Sunday, August 22, 2010

Out of Sight; Out of Mind

This country’s wealth was built upon the blood of slaves. Working long hours in the cotton fields, Africans were often beaten and completely objectified to make their “masters” rich. The Civil War may have ended this overt form of slavery, but it has continued through present day. The large corporations that presently run this nation have outsourced their labor to other countries. Men, women, and children are, in some instances, being beaten, raped, sold, underpaid or not paid at all, and living in filthy conditions to produce clothes for these companies. Since these workers are “out of sight; out of mind" to the American public, we continue to spend our dollars on clothes manufactured under these horrific conditions. From an ethical perspective, are slave labor practices in the clothing industry worth a high-fashion society?

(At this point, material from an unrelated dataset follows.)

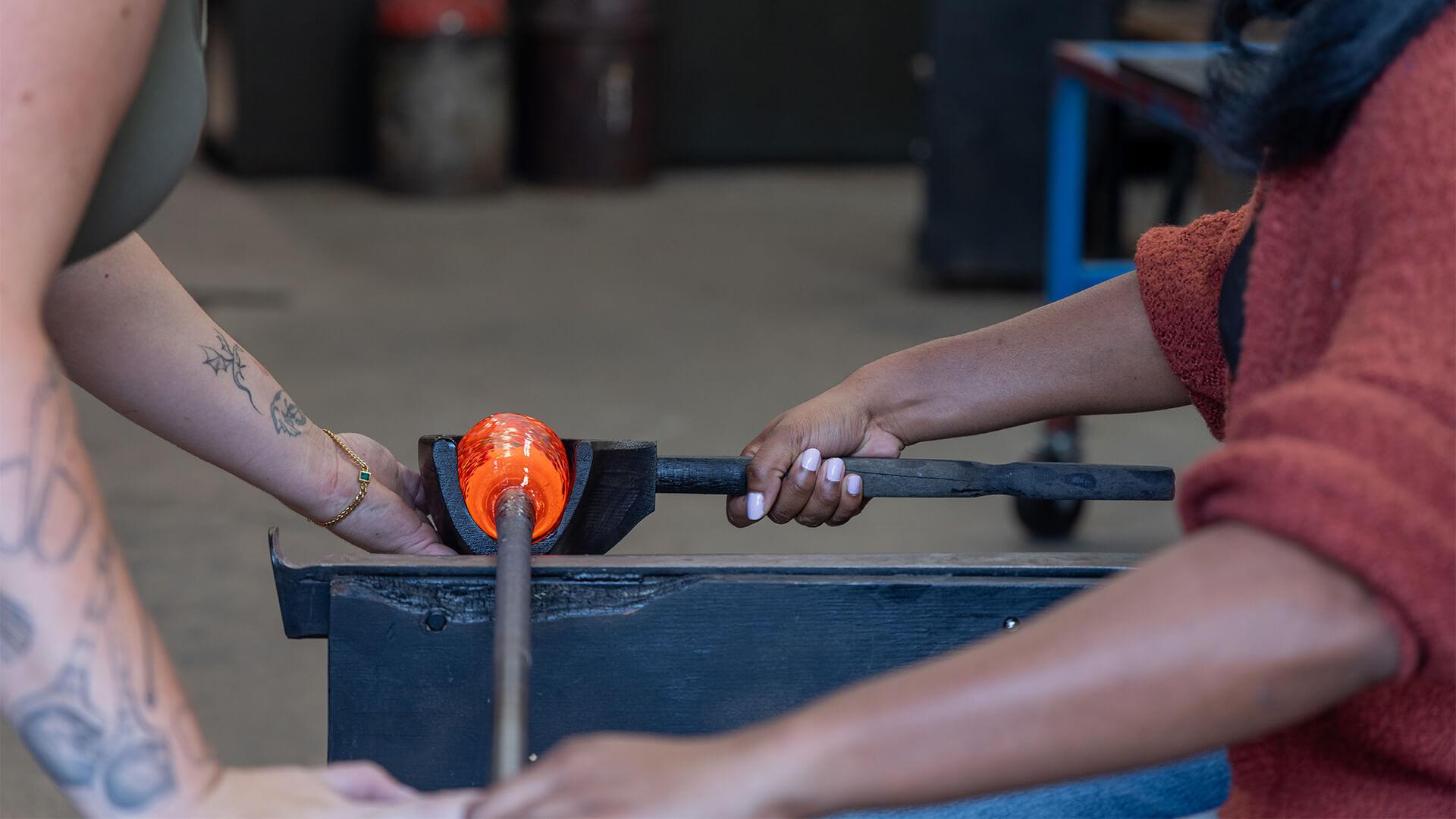 Two people collaborate on glassblowing. One holds a rod with glowing hot glass, while the other assists. The workshop setting conveys focus and craftsmanship.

“Child workers, some as young as 10, have been found working in a textile factory in conditions close to slavery to produce clothes that appear destined for Gap Kids, one of the most successful arms of the high street giant”. This is just one example of Indian children making clothes destined for American stores. Many companies including Nike, Old Navy, Wal-Mart, Target, J. Crew, and Abercrombie and Fitch outsource their labor and use a “no-tell” policy. Even in this age of information availability, statistics and company names are so hard to come by that many corporations are allotted complete anonymity. Child labor statistics alone are overwhelming. It is estimated that there are over 70 million child workers between Asia, Africa, and Latin America today.

The arguments for these practices are weak at best. Some conclude that workers in third world countries need these jobs in order to survive. Some families depend on their children for monetary needs and if we eliminate child labor, they claim, we end their livelihoods. In reality, they are getting paid unfit wages, if any at all: around 17 cents per day in some cases. Is this really a livelihood? Can this really feed an entire family? Gap sells shirts for $40 or more a piece while people are working 18-hour days in sweat shops to make them. Where is the balance? Where is the human dignity?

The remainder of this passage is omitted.